The CommonsBlog


Letting the Device Sleep, Intelligently

Android makes it easy for activities to keep the screen on while the activity is in the foreground, by means of android:keepScreenOn and setKeepScreenOn().

However, these are very blunt instruments, and too many developers simply ask to keep the screen on constantly, even when that is not needed and cause cause excessive battery drain.

For example, let’s talk about Eufloria HD.

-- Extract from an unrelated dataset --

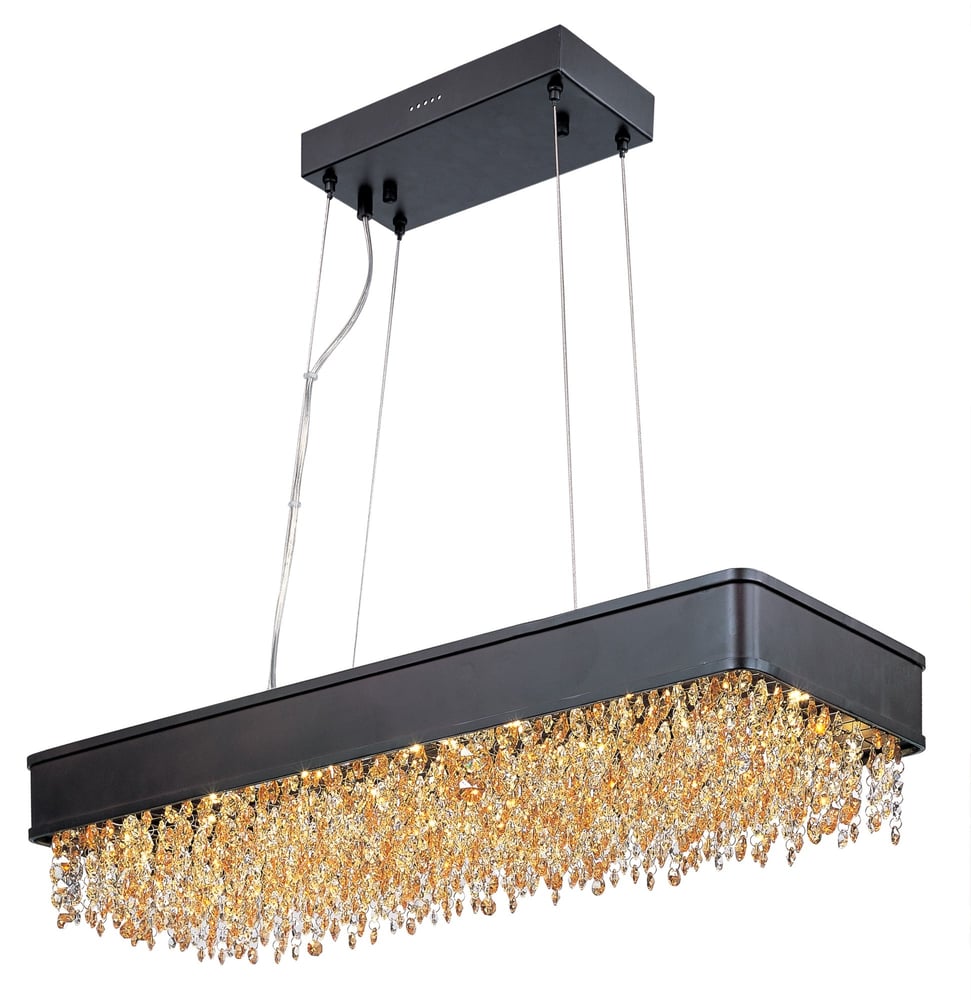 Maxim Lighting Mystic Linear Pendant in Bronze finish, featuring a sleek steel frame with cascading crystal accents, elegantly illuminating the space.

Eufloria is a delightful game. It arranges to keep the screen on during game play. That’s probably a good idea, as screen timeouts can be fairly short (e.g., 15 seconds), and while usually the user will be tapping or swiping something within that period of time, they might not always do so while still playing the game.

However, Eufloria always keeps the screen on. So, if you press the in-game pause button, they keep the screen on while the game is paused. This might lead the user to press pause, put down their tablet (expecting it to fall asleep in a normal period of time), and then have the tablet keep going and going and going… until the battery runs dead.

Whether you use setKeepScreenOn() or directly use a WakeLock (as the permissions suggest that Eufloria does), it is useful to think of three tiers of user interaction.

The first tier is when your app is doing its “one big thing”: playing the game, playing the video, displaying the digital book, etc. If you expect that there will be periods of time when the user is actively engaged with your app, but is not interacting with the screen, keep the screen on.

The second tier is when your app is delivering something to the user that probably would get used without interaction in the short term, but not indefinitely. For example, Eufloria might reasonably expect that 15 seconds could be too short to have the screen time out, but if the user has not done anything in 5-10 minutes, most likely they are not in front of the game. Similarly, a digital book reader should not try to keep the screen on for an hour without user interaction.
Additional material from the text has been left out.